Ali contends it’s Emanuel who’s pushing the hate crimes bill, which is chock full of perks for Jews. “Since it’s Rahm Emanuel, if this bill is passed — listen to me! — if this bill is passed, it will be a crime to criticize Israel’s treatment of the Palestinians, it will be a crime to report the extraordinary influence of AIPAC [the pro-Israel lobby], it will be a crime to doubt any aspects of the Holocaust.”
In fact, Ali asserted that those who question that 6 million Jews died in the Holocaust could go to prison under the proposed law. What’s more, “If you talk about the disproportionate numbers of Jews, Zionist Jews, in the media, in finance and foreign policy, that’s a crime. That’s a crime! So what you’re talking about, if this bill is passed, is that you can criticize any country in the world except the apartheid state of Israel. That’s under the Hate Prevention Act of 2009 [sic].”
The SPLC links this to (equally false) claims that by Christian groups the hate crimes law will criminalize "hate speech" against gay and lesbian persons. But the link is much closer than that -- far right Christian groups have been just as clear as Imam Ali that they, too, view the bill as a Jewish plot.

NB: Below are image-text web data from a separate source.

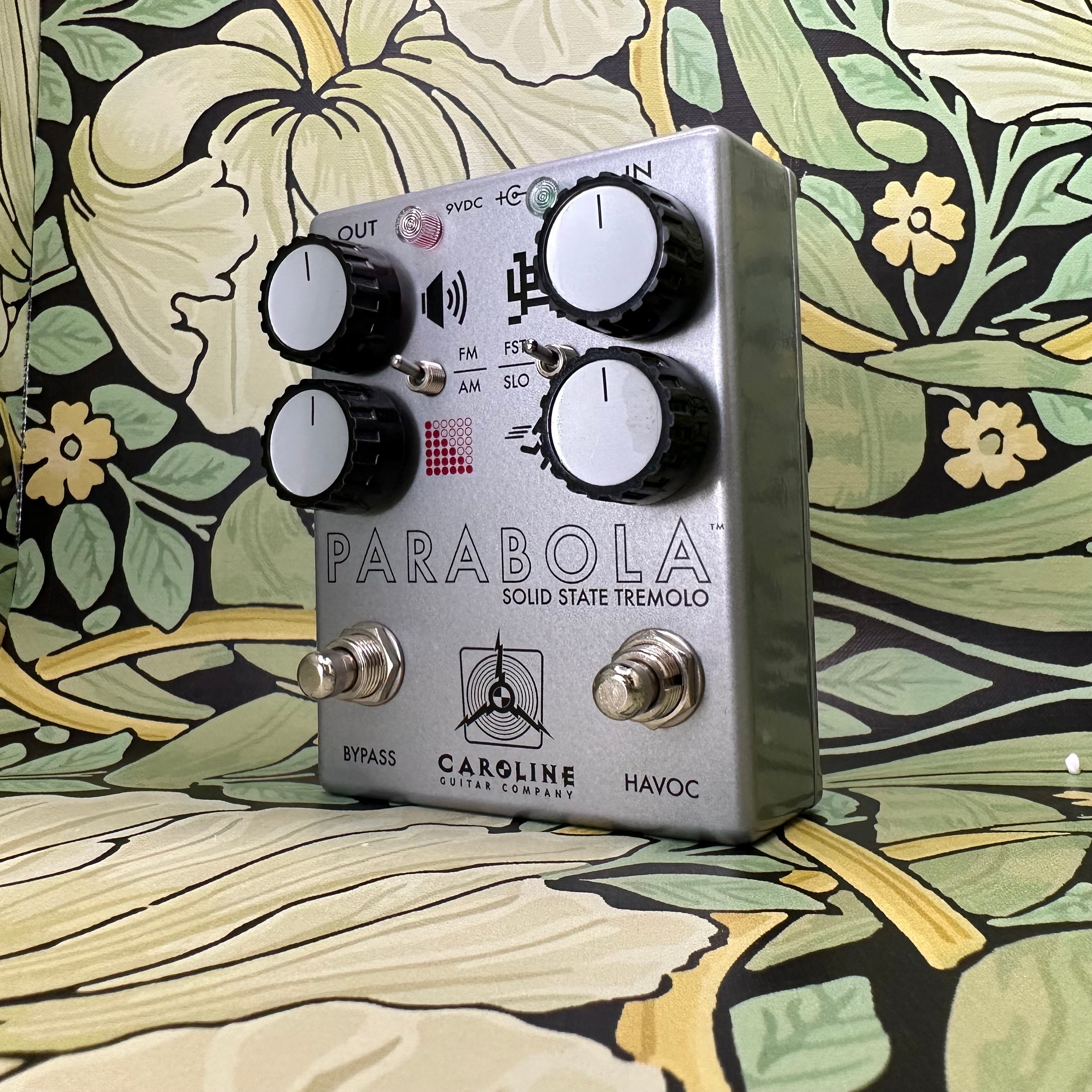 Caroline Parabola Solid State Tremolo Pedal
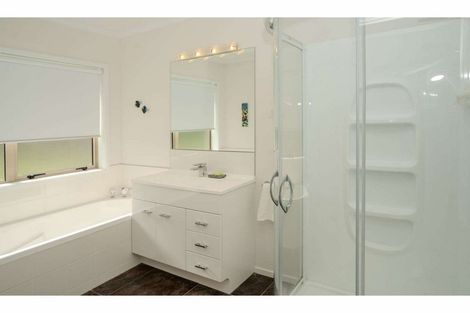 Photo of property in 24 Pickmere Lane, Kerikeri, 0230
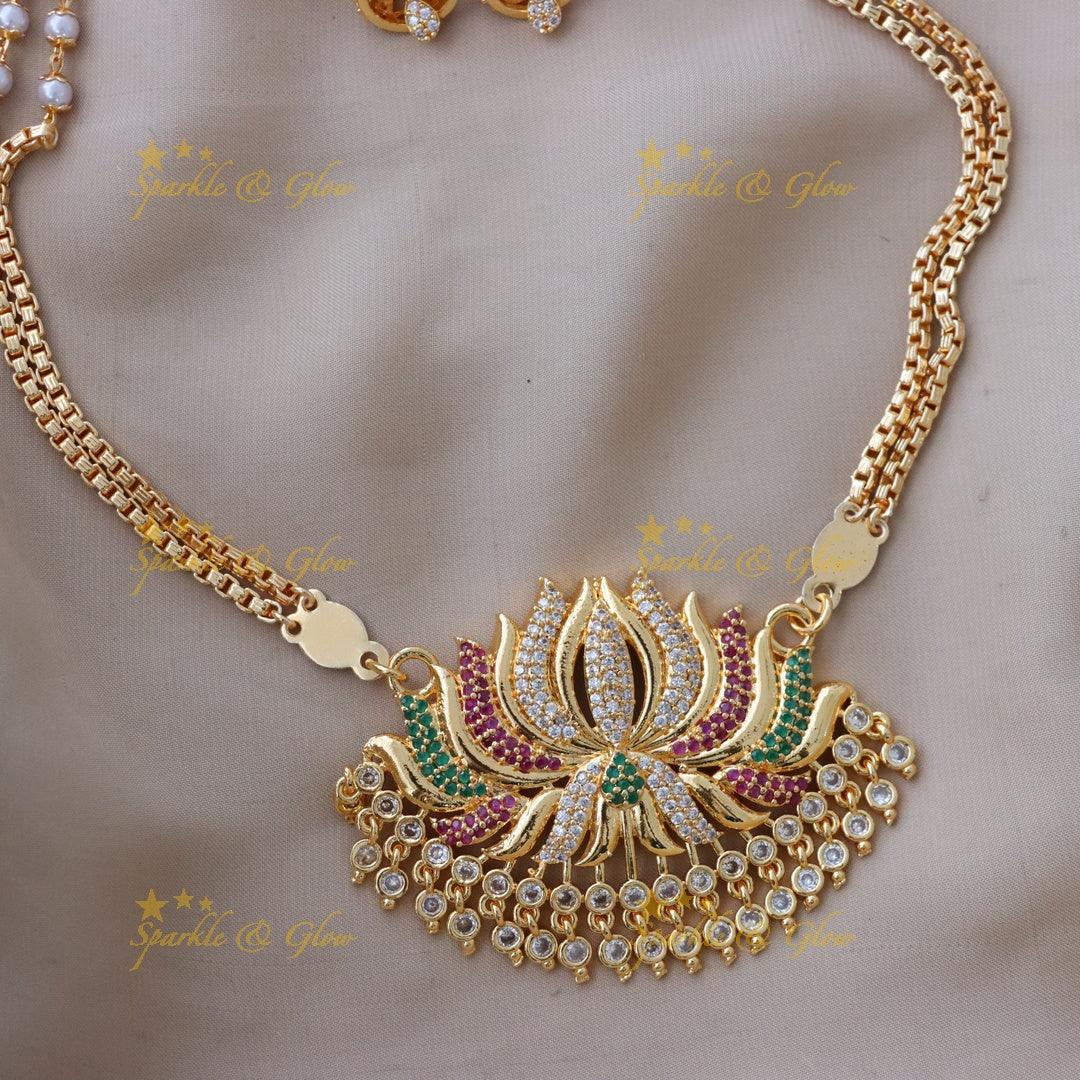 Lotus Pearl Gold Necklace - Perfect for Weddings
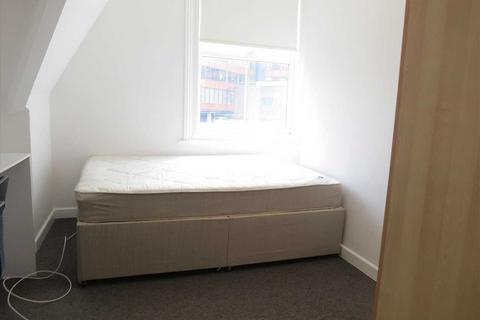 3 bedroom apartment to rent, Holdenhurst Road, Bournemouth, Bournemouth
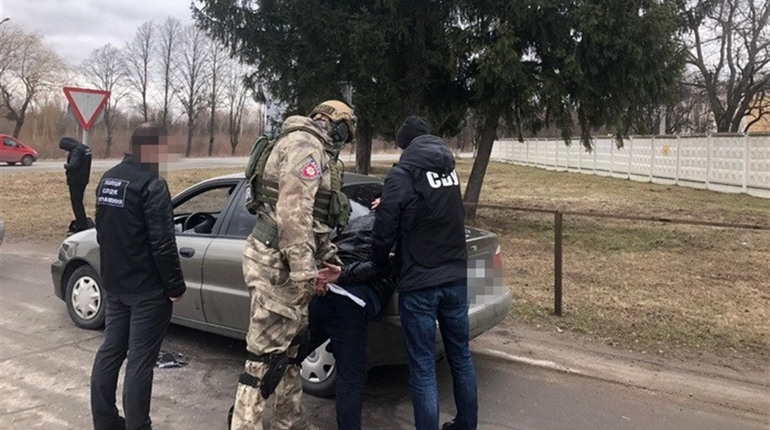 Затриманим у Новограді й Любарі вимагачам обрали запобіжні заходи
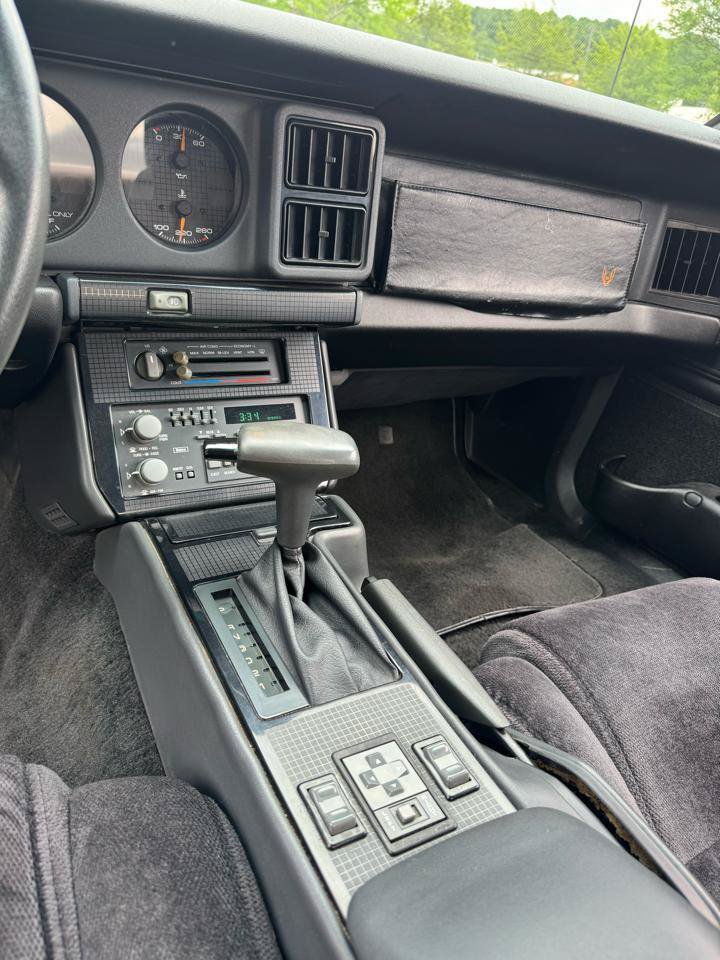 Used 1992 Pontiac Firebird Convertible RWD image 19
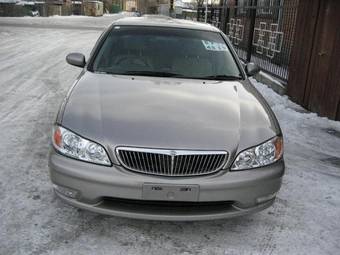 2001 Nissan Cefiro Pictures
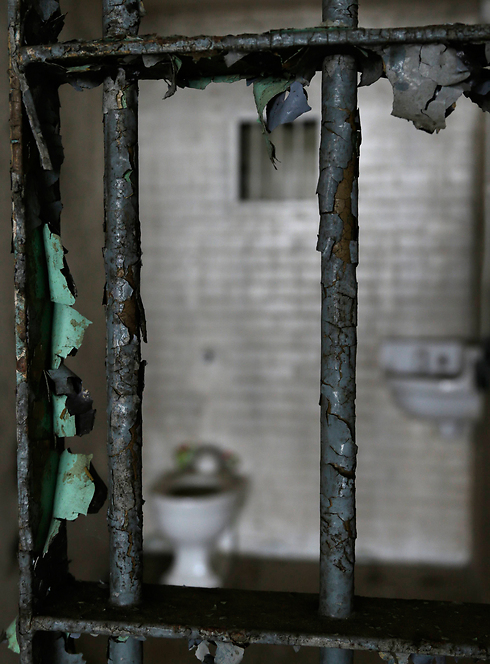 סורגים חלודים בתא כלא בבית הסוהר סטייט פארם בטקסס (צילום: AP) (צילום: AP)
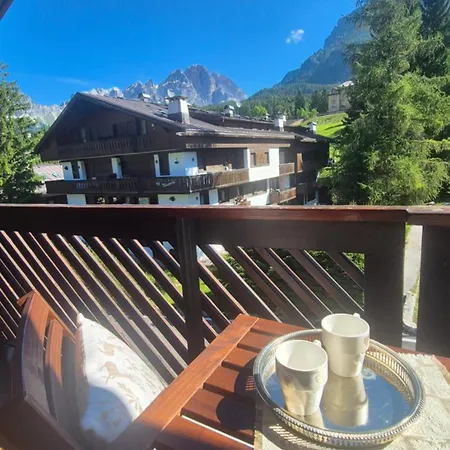 5 Torri, Parcheggio In Garage Cortina dʼAmpezzo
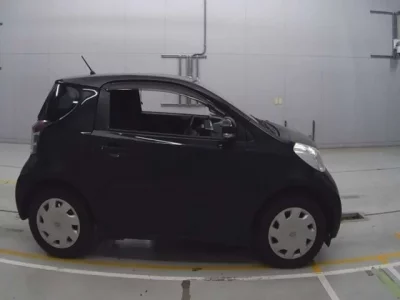 Toyota IQ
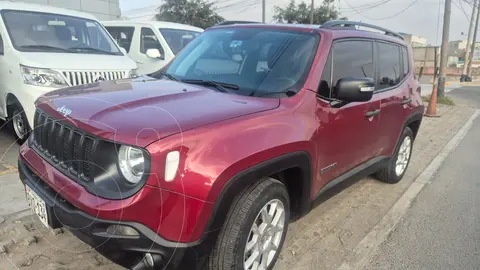 Jeep Renegade Sport Aut usado (2022) color Rojo precio u$s18,000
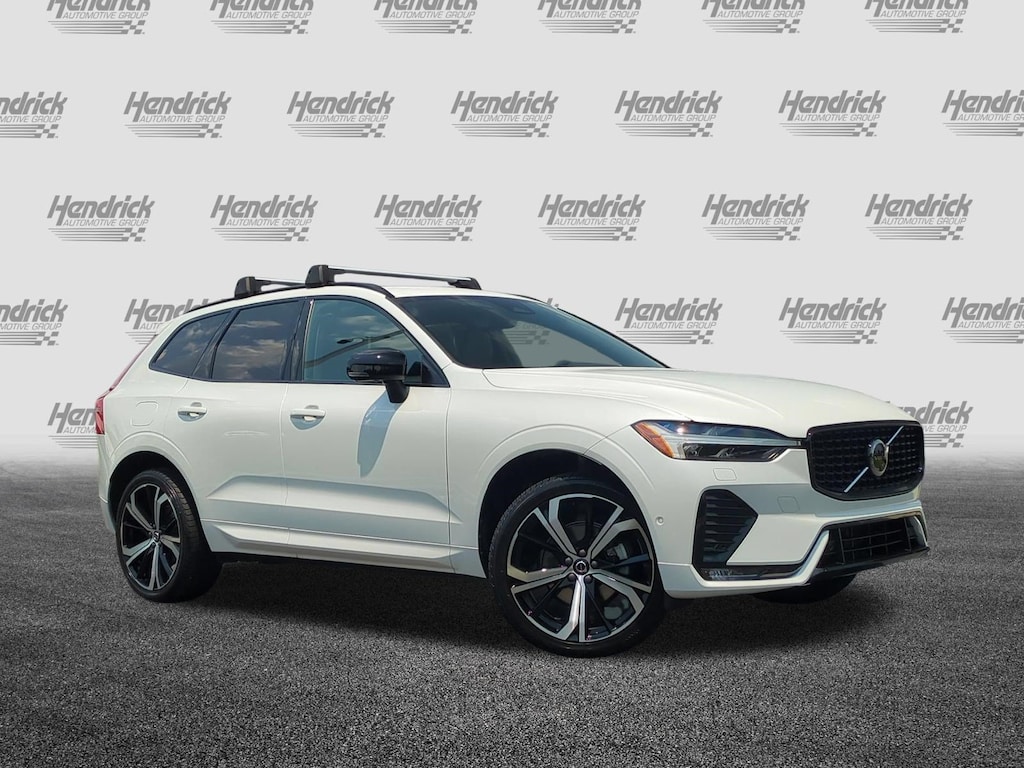 Used 2023 Volvo XC60 Ultimate Dark Theme SUV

In any event, the law would not prohibit the speeches of either anti-Semitic or anti-gay zealots, as it targets not speech but actual crimes motivated by bias. The good Imam can still spout whatever he wants about the evils of global Jewry -- he just can't take the next step and physically assault us.
1 comment:
I always find disturbing, in the conflation of hate speech bans with heightened penalties for hate crimes, the apparent belief of the hateful speakers that some of them are going to end up committing crimes against the hated group and thus their speech will come back to be used against them at trial.